Peut-être que je devrais prendre le taureau par les cornes et lui dire que moi aussi faut que je lui parle ?! C’est ma nouvelle tactique de communication parce que le : « Faut qu’on se parle », ça me fait mal en dedans.

Mais j’y pense, si c’était l’augmentation de salaire, il me l’aurait écrit directement : Steph, c’est le moment de l’année où normalement on parle de mon salaire. Alors ce n’est pas ça.

My god, ça doit être vraiment grave.

Je pense au Go Fund Me, à mon texte, à sa femme ronger par la peur, ses enfants… Les Noëls où ils n’auront plus leur père. Il me semble aussi qu’il semblait fatigué la dernière fois que je l’ai vu, poches sous les yeux.
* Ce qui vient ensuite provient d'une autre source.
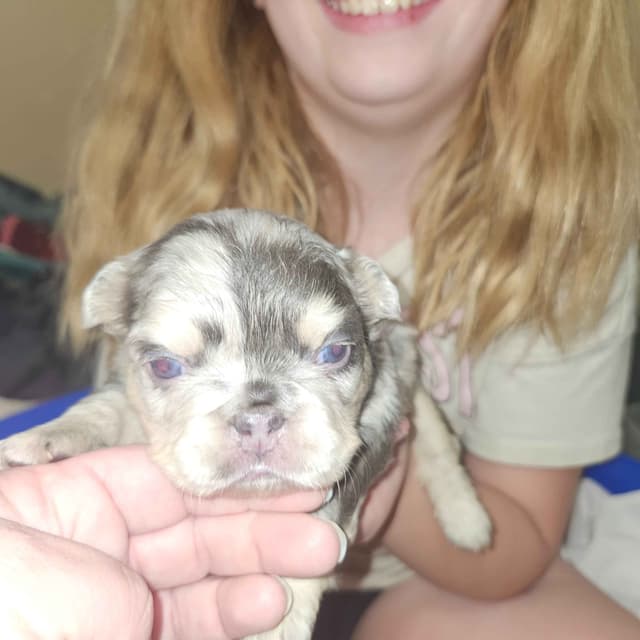French Bulldog Puppies media 10
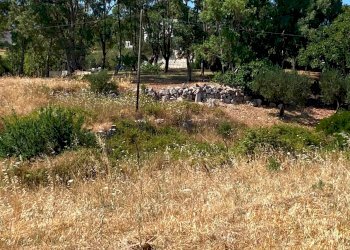 Foto 4 - Building land STRADA MADONNA DEL ROSARIO ZONA I
SNC, Martina Franca - photo 4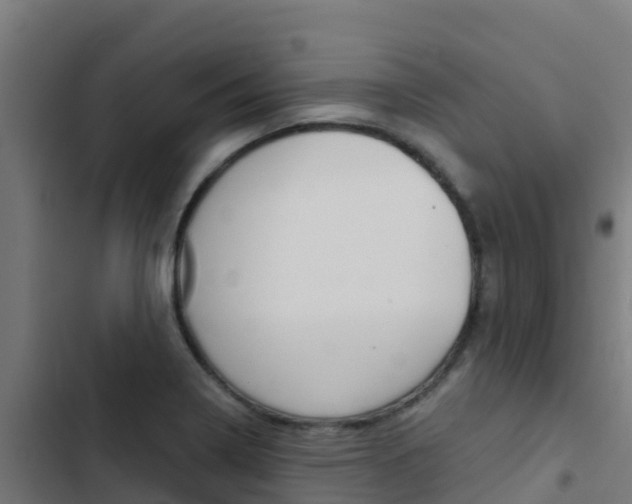 X0000103441322200809121052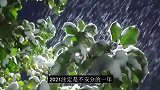 东北暴雪背后“罪魁祸首”被揭，白岩松一语中的，年最冷寒冬来袭
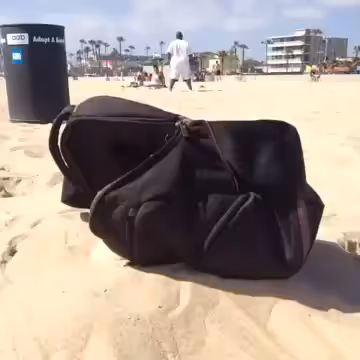 Rare Hermit Crab on the Beach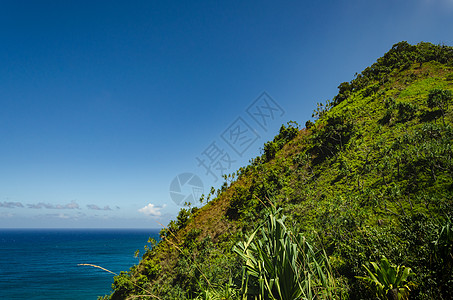 美国夏威夷大蓝海前的 绿色山丘图片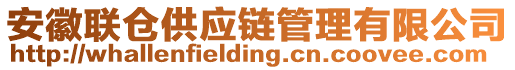 安徽聯(lián)倉供應(yīng)鏈管理有限公司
Peut-être que c’est juste le changement de saison, tout le monde que je connais (ou presque) vit un peu de dépression saisonnière, le manque de lumière, le changement d’heure. J’y pense, je pourrais lui offrir une caisse d’agrumes, une lampe de luminothérapie, j’en ai vues chez Costco… Je lui ferai un petit paquet cadeau, comme ceux qui étaient populaires à une certaine époque avec des fruits, des confitures et des biscuits. Les confitures, tu les refiles toujours en cadeau d’hôtesse à quelqu’un d’autre. Ce sont des perma confitures, elles sont surement expirées, mais comme tu les redonnes toujours en cadeau, ce n’est dangereux pour personne.

Là je me surprends intérieurement avec un : Steph, calvaire, calme-toi.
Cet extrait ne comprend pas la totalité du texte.